The Federal Reserve has been using Trump's planned infrastructure spending program as a partial excuse for increasing interest rates despite the risk to stock markets.  Well, that infrastructure program is now being released.  Expect the Fed to increase interests rates exponentially for the next year.  Also expect that Treasury yields will spike to danger levels.  Currently, 10 year yields are rocketing up to the 3% high tension mark.  We shall see how this affects markets over the course of the next week...


The U.S. will post a larger budget deficit this year and could see a “spike” in interest rates as a result, but lower deficits are possible over time based on sustained economic growth from Donald Trump’s tax cuts, said Budget Director Mick Mulvaney.

Mulvaney spoke on “Fox News Sunday,” a day before the White House is expected to release 2019 spending proposals -- and after weeks in which financial markets have been spooked by prospects for rising inflation tied to higher deficits and lower taxes.

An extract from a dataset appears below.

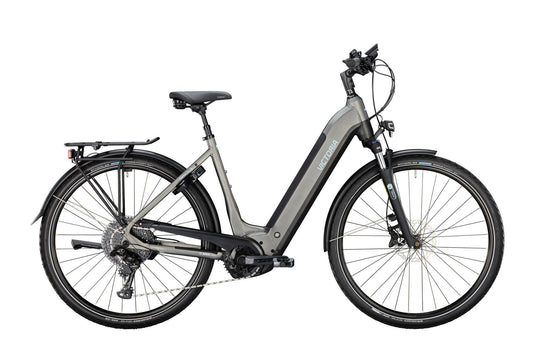 Victoria elektrische trekkingfiets tresalo 16 (#1) ebike vict. tresalo 16 28 44 11sp wave bat black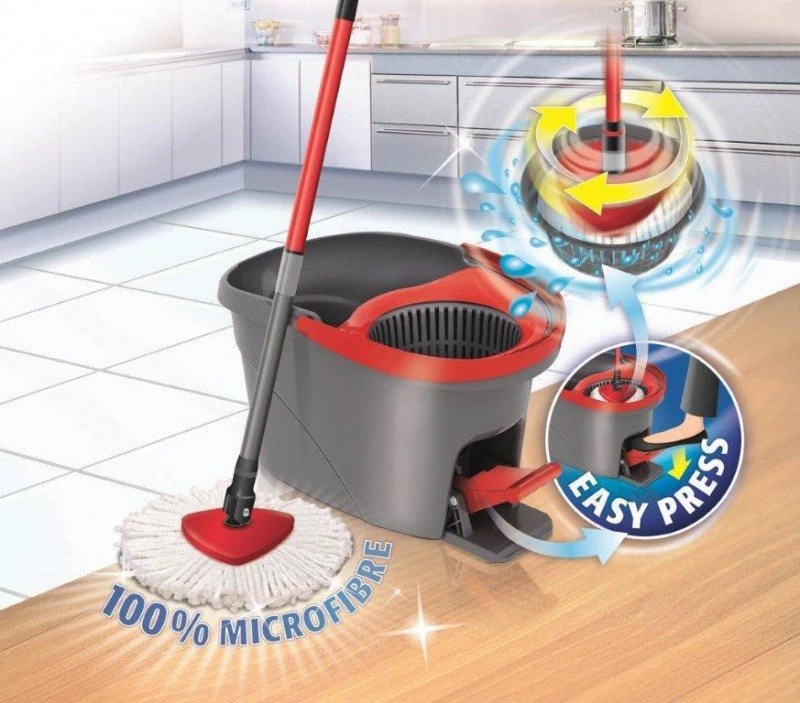 Vileda Easy Wring & Clean Fiber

“This is not a fiscal stimulus; it’s not a sugar high,” Mulvaney said on of the president’s economic program, including the $1.5 trillion tax cut passed in late 2017.

“If we can keep the economy humming and generate more money for you and me and for everybody else, then government takes in more money and that’s how we hope to be able to keep the debt under control,” Mulvaney said.

In a separate interview on CBS News’s “Face the Nation,” Mulvaney said rising budget deficits are “a very dangerous idea, but it’s the world we live in.”

His comment echoed Trump’s Feb. 9 tweet that Republicans “were forced to increase spending on things we do not like or want” to secure Democratic votes for the sharp buildup in military spending wanted by the White House and the Pentagon.